Top of Given data

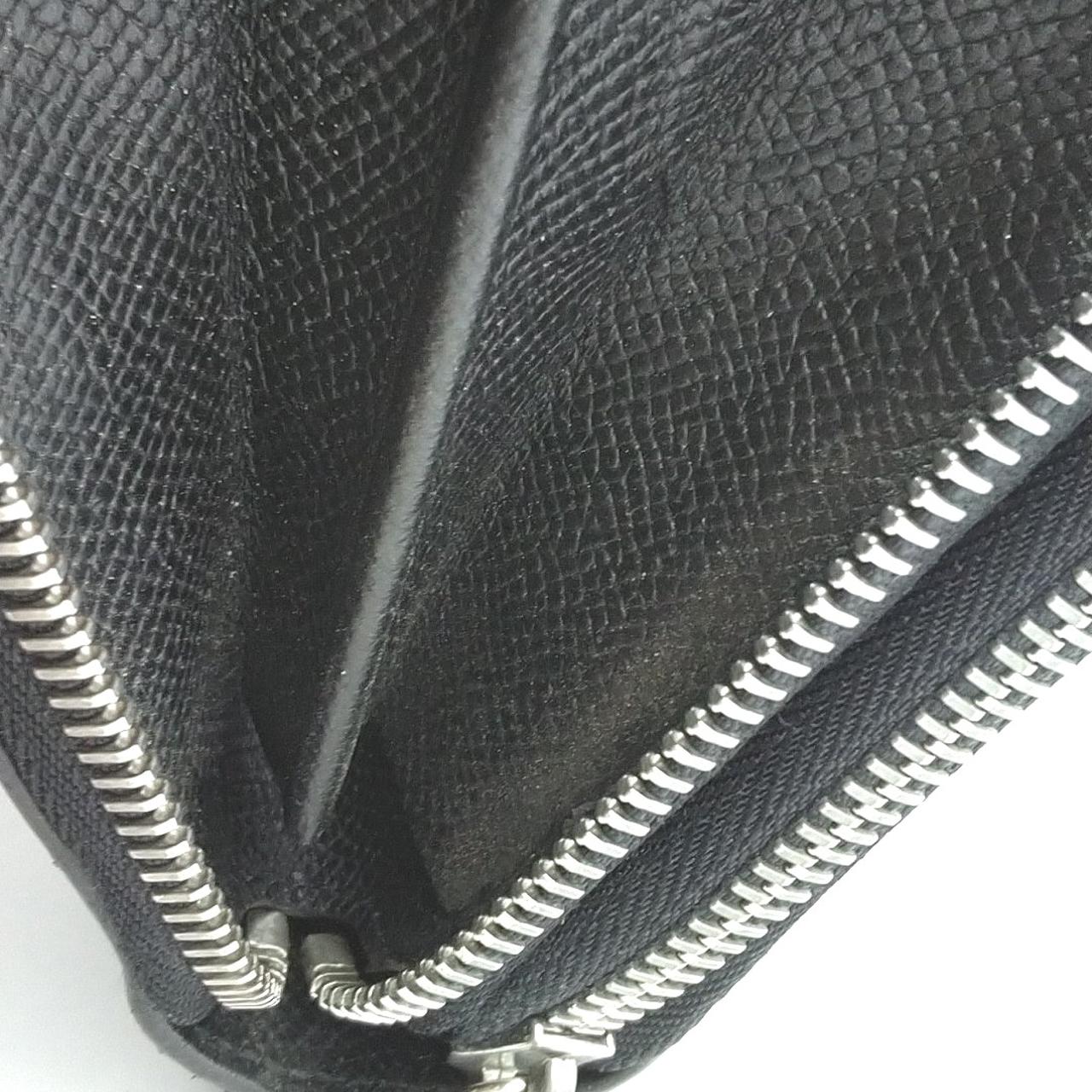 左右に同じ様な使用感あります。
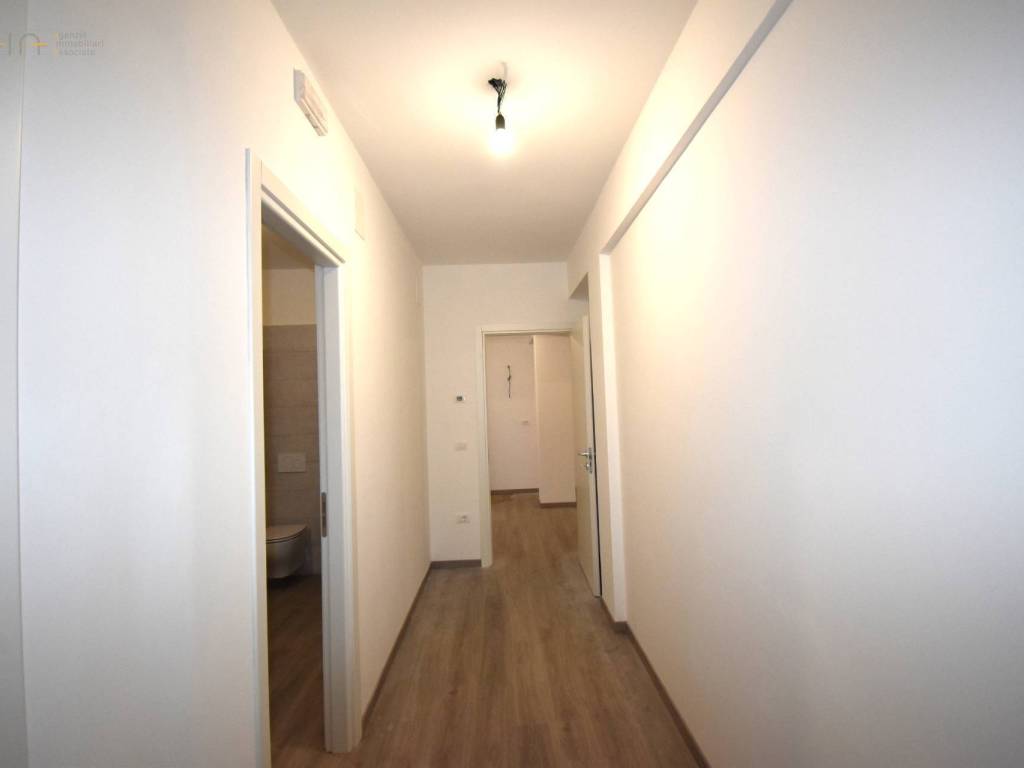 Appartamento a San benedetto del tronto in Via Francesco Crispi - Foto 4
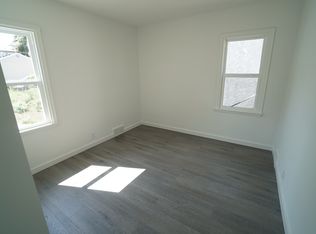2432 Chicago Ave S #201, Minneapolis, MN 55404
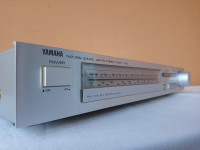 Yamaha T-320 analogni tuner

Bottom of Given data

With the pictures removed, copy the data above word for word.

• **Result**:
 左右に同じ様な使用感あります。
 Appartamento a San benedetto del tronto in Via Francesco Crispi - Foto 4
2432 Chicago Ave S #201, Minneapolis, MN 55404
 Yamaha T-320 analogni tuner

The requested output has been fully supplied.